PROBLEM DETAILS: Pictures excluded, please retype exactly the lines from the start of the data through the line that contains "Close-up of a teenage boy shouting at a mobile phone View", both ends kept, and nothing beyond them.

── GIVEN DATA ──

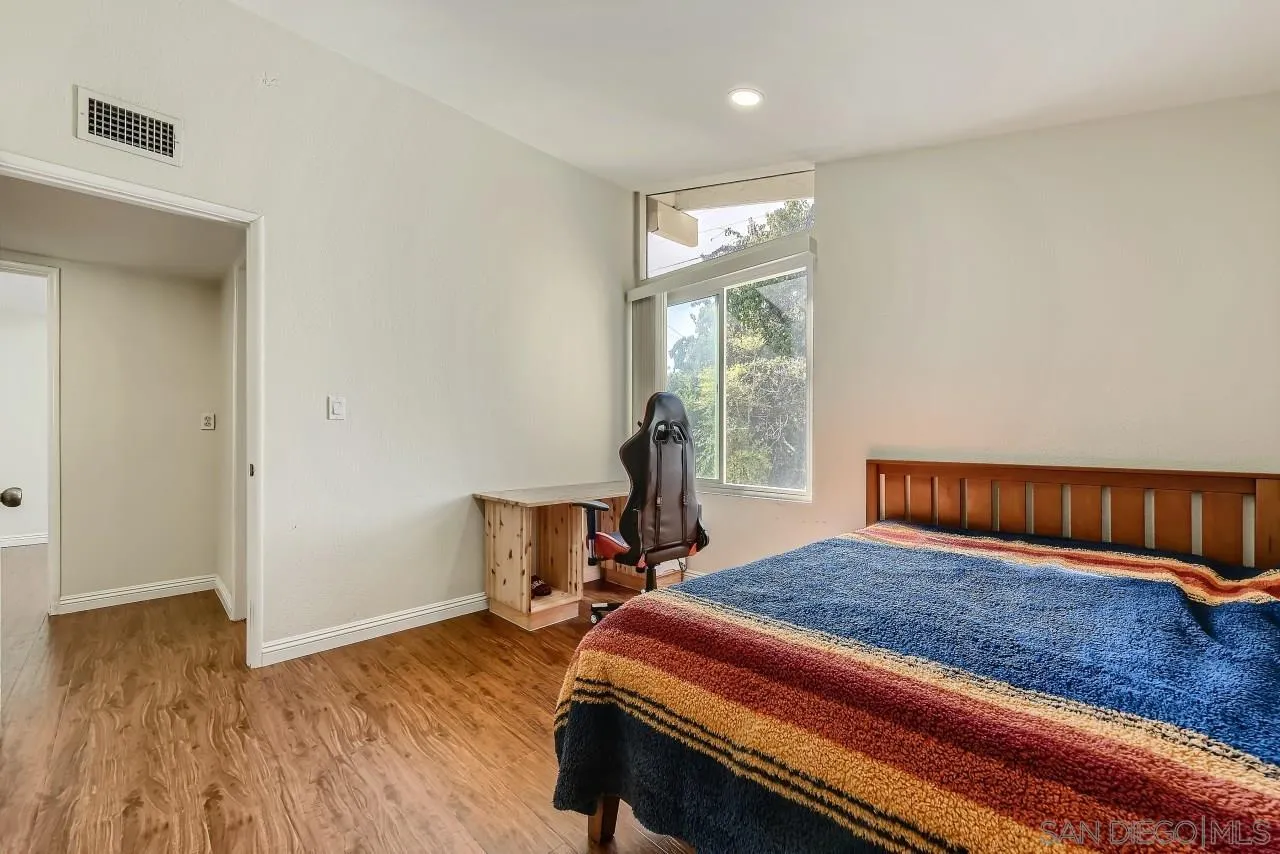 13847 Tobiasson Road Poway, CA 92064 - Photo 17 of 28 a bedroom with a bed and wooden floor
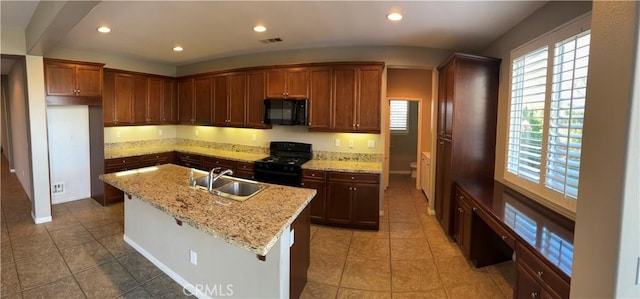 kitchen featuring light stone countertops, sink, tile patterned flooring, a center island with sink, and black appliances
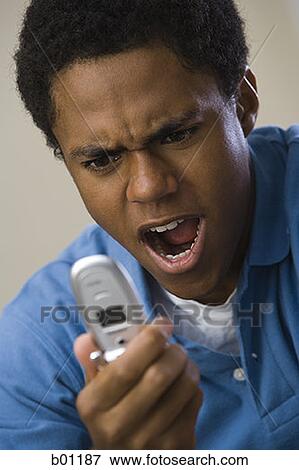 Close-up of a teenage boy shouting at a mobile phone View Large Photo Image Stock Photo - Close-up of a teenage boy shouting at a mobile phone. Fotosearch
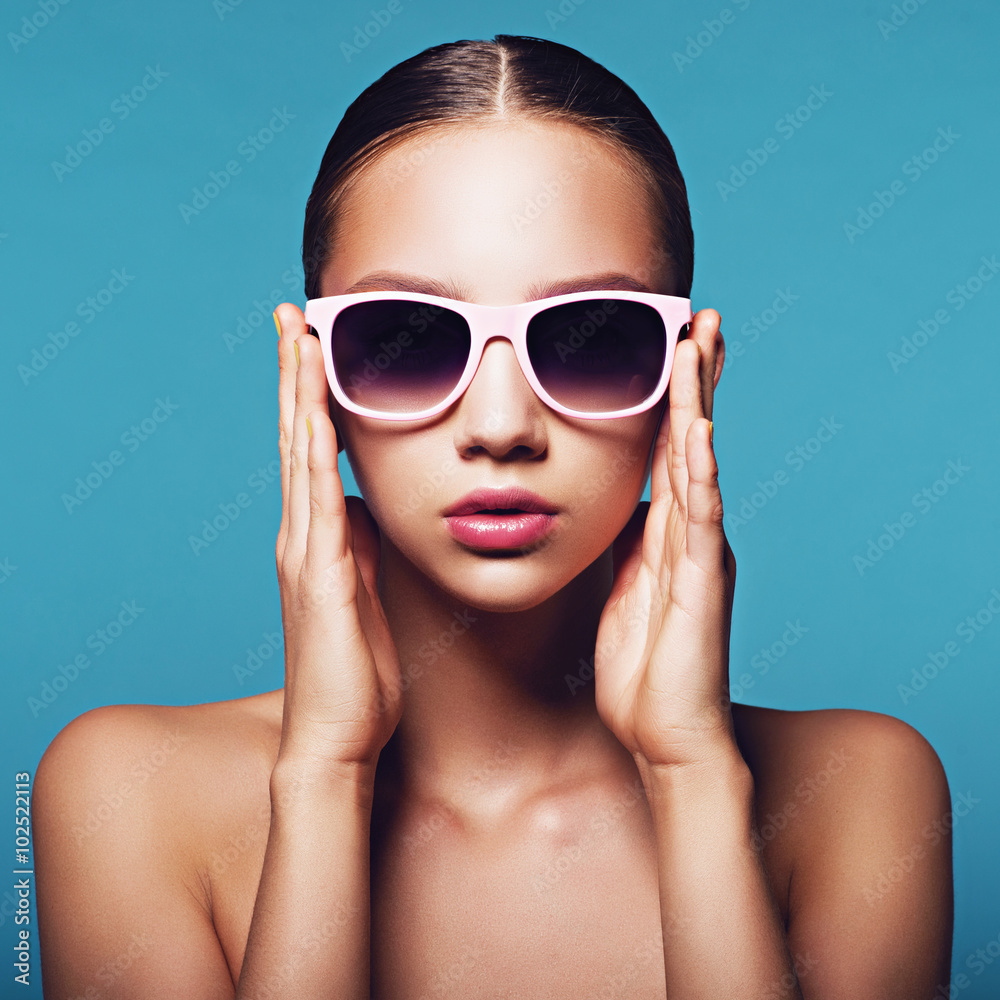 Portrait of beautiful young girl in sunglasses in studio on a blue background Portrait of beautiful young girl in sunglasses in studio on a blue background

───

OUTPUT:
 13847 Tobiasson Road Poway, CA 92064 - Photo 17 of 28 a bedroom with a bed and wooden floor
 kitchen featuring light stone countertops, sink, tile patterned flooring, a center island with sink, and black appliances
 Close-up of a teenage boy shouting at a mobile phone View Large Photo Image Stock Photo - Close-up of a teenage boy shouting at a mobile phone. Fotosearch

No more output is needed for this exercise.